Task to complete
From the first line to the last, repeat the data exactly but leave out the pictures.

Data provided
=======
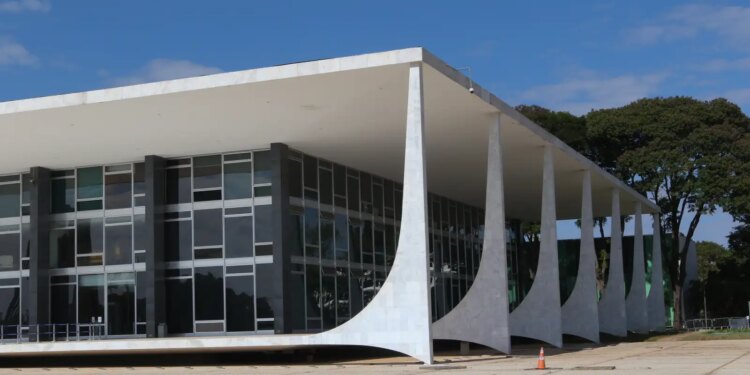 STF forma maioria contra enfermeiros em procedimentos de aborto legal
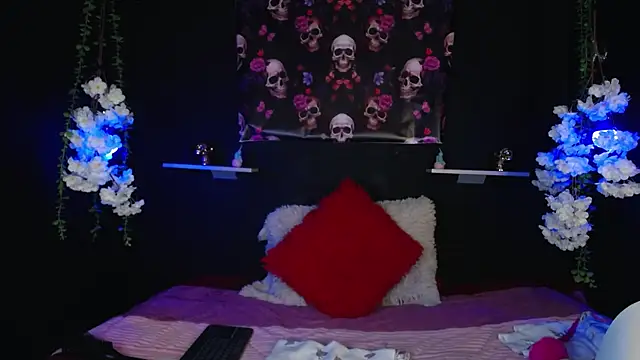 Hairydoll  online show from 10/19/25, 07:03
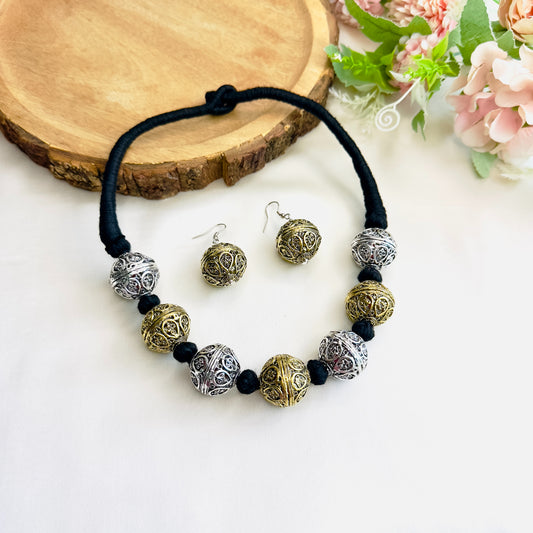 Silver golden tone Thread Necklace set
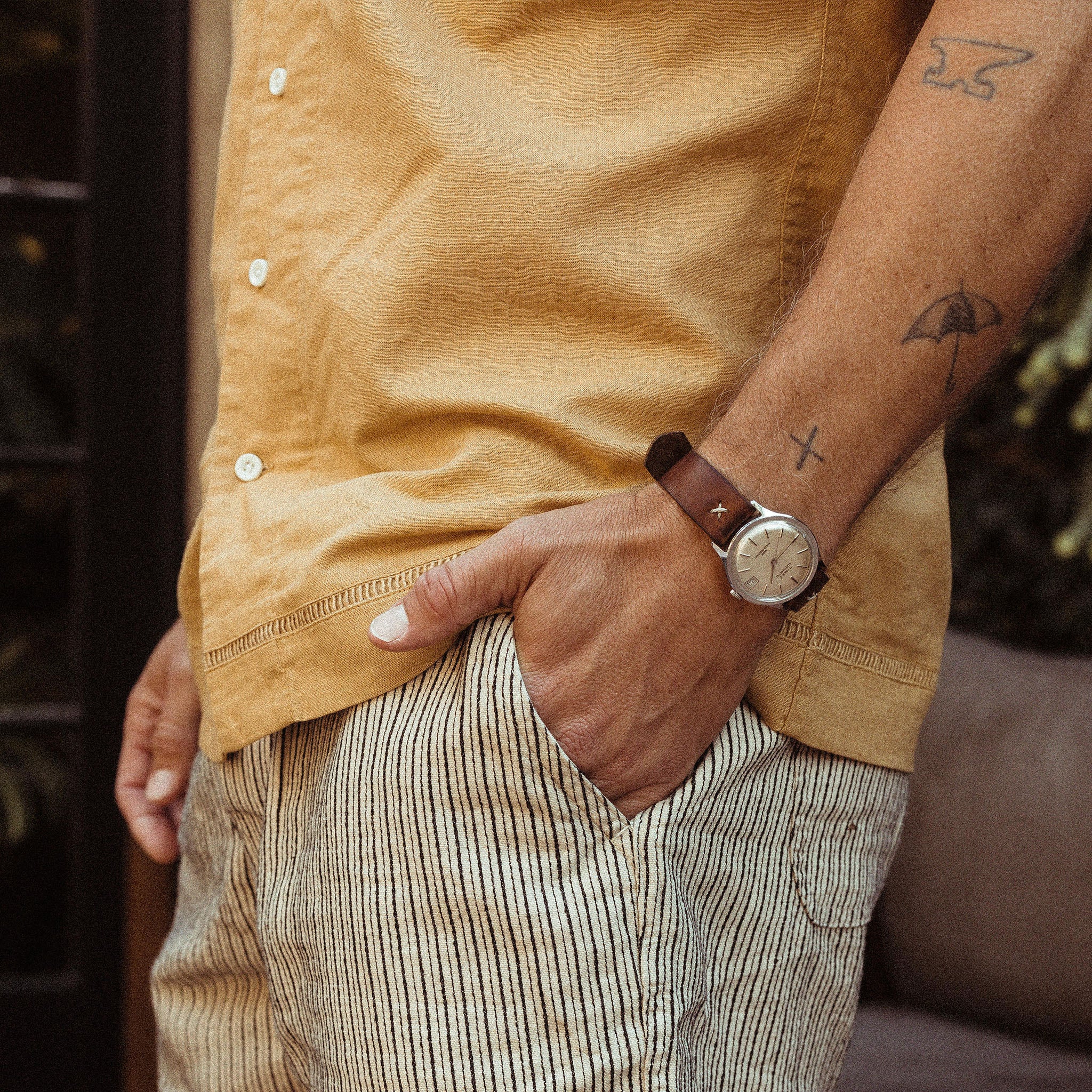 The Short Sleeve Hawthorne in Wheat - Image 4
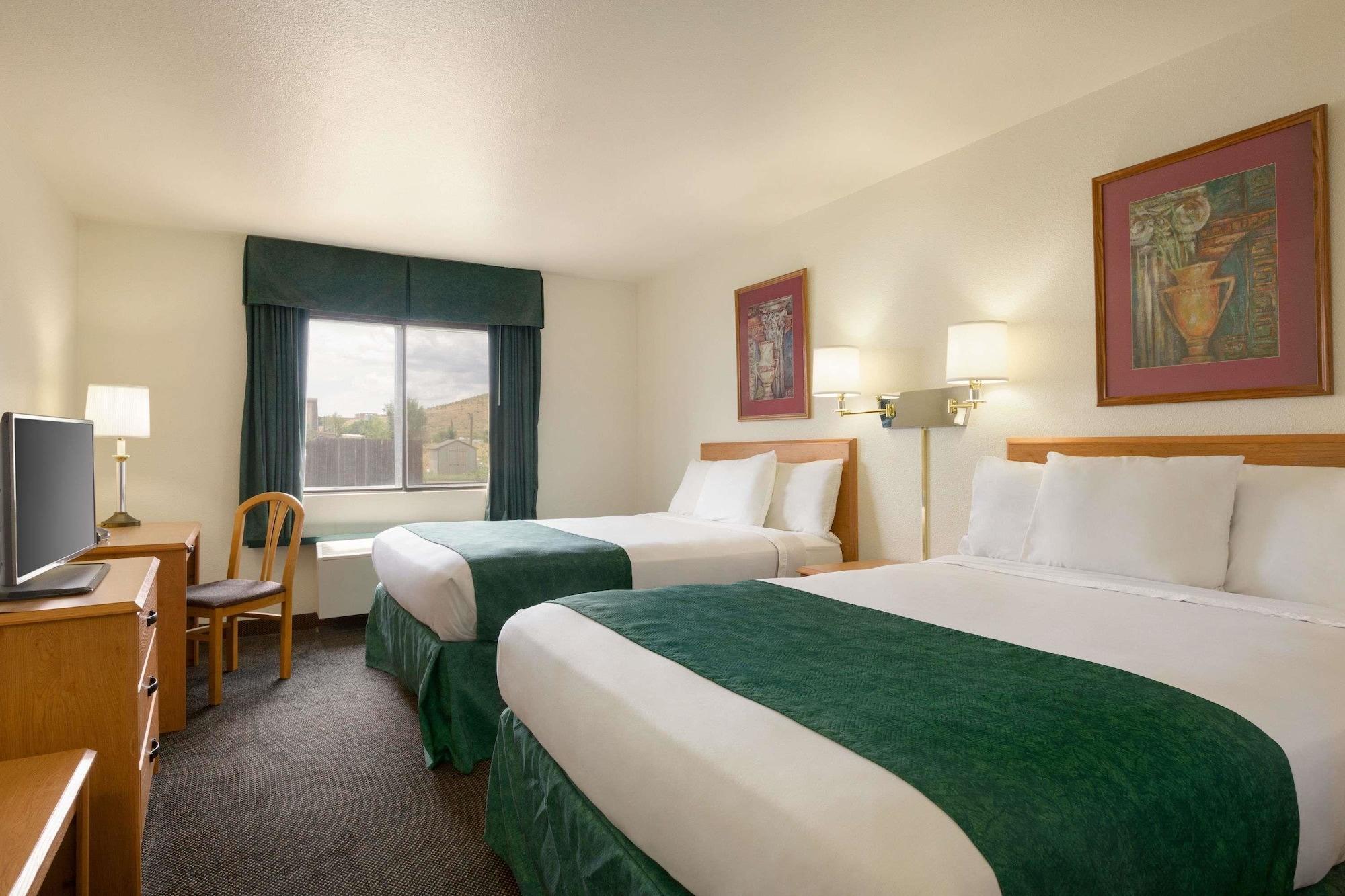 Travelodge By Wyndham Alpine Esterno foto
=======
Worked solution
 STF forma maioria contra enfermeiros em procedimentos de aborto legal
 Hairydoll  online show from 10/19/25, 07:03
 Silver golden tone Thread Necklace set
 The Short Sleeve Hawthorne in Wheat - Image 4
 Travelodge By Wyndham Alpine Esterno foto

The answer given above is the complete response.